Mientras esos hechos ocurrían recuerdo haber pensado en lo impresionante que resulta el haber tenido que esperar una revuelta en pleno siglo XXI para poder al fin sacar del espacio púbico esos horribles recordatorios del poder de muerte que tiene el Estado moderno: colonial, patriarcal, racista y clasista.
Pero desde octubre el movimiento social no sólo removió el horror de los pedestales de las calles y plazas, también iba homenajeando de manera informal a las numerosas víctimas de la represión, como en el memorial ubicado en el sitio en que cayó Mauricio Fredes en la Alameda con Irene Morales (otra figura del panteón militar chileno). Por varios días y semanas se sucedía en ese lugar una dinámica de apropiación/reapropiación del improvisado y anárquico sitio de memoria entre las fuerzas policiales que lo destruían y los manifestantes que lo reinstalaban.

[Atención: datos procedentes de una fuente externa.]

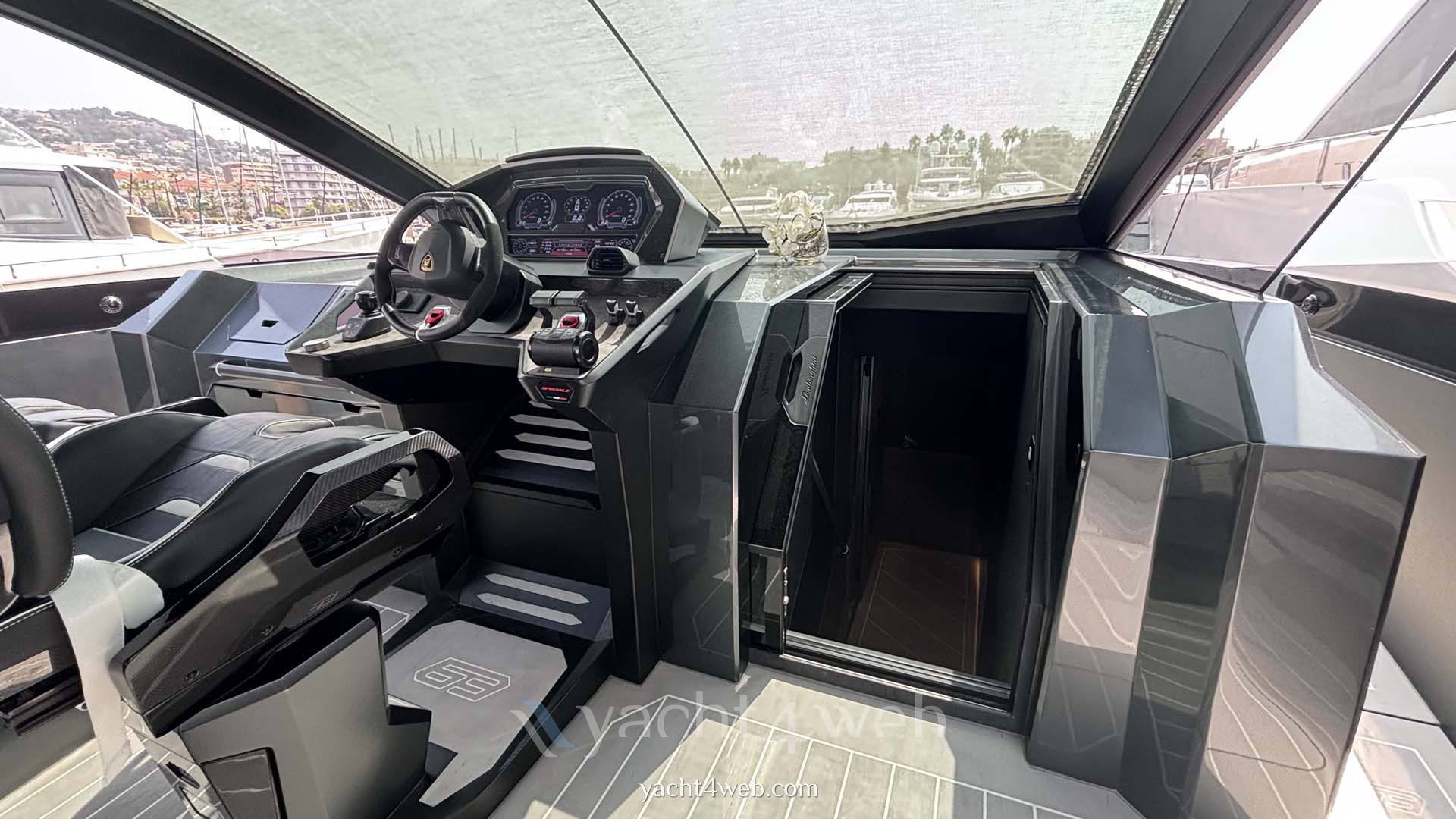 Tecnomar Lamborghini 63 0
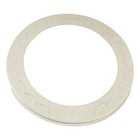 Mrs  Anderson s 109 Aluminum Reusable Pie Crust Shield 10 Dia  X 1 2 H In 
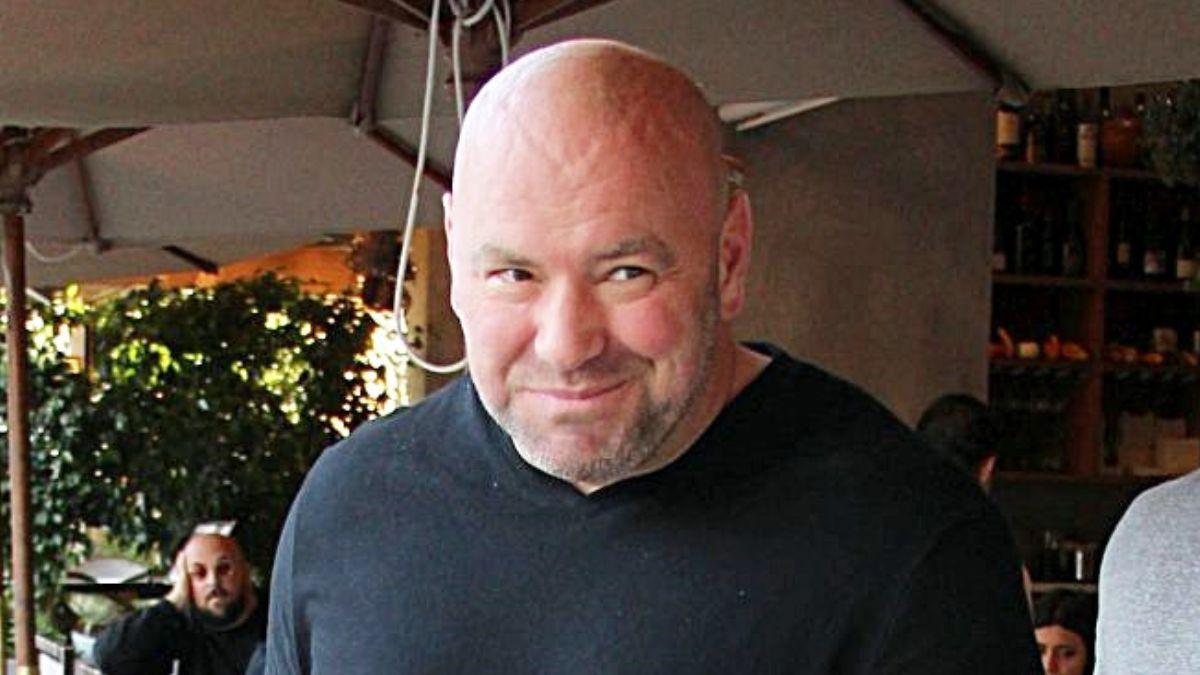 is dana white married relationship status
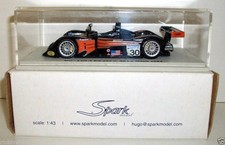 SPARK 1/43 - SCMG07 MG LOLA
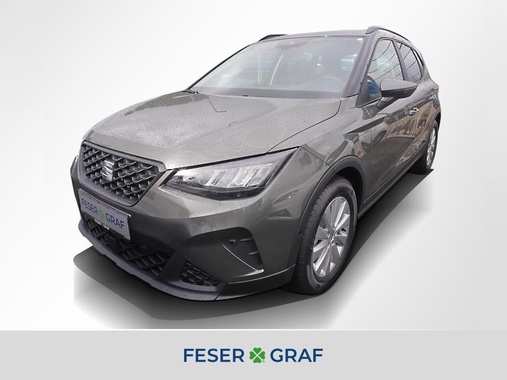 Seat Arona 2025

También se instalaron otro tipo de monumentos, como las figuras representativas de los pueblos originarios en Plaza de la Dignidad, y desde años anteriores había sido posible apreciar iniciativas como la instalación por el colectivo Memoria Rebelde de una piedra conmemorativa en homenaje al anarquista Antonio Ramón Ramón, en el mismo lugar fuera del actual metro Rondizzoni en que en 1914 atentara contra el masacrador de la escuela Santa María de Iquique, general Silva Renard.
Estamos en un tiempo en que quienes nos dominan aprovechan el estado de catástrofe y la pandemia para re-monumentalizar la ciudad tratando de borrar la revuelta, complementando así la labor de patotas fascistas que en estos meses aprovechaban la oscuridad de la noche y su amistad con las fuerzas de orden para destruir memoriales de víctimas de la dictadura de la que se sienten y son legítimos herederos. Esas mismas patotas, con o sin uniforme, también se han dedicado ahora a borrar nuestros mensajes de los muros y a destruir los monumentos populares instalados al fragor de la protesta, como Milanka. Lo cual no es ninguna señal de fuerza, sino que todo lo contrario.
En estos tiempos en que la imaginación popular se ha replegado parcialmente abandonando las calles y autogestionando un cuidado que el Estado mercantiliza y retarda, debemos saber escuchar a la revuelta cuando nos dice: “fui, soy y seré”.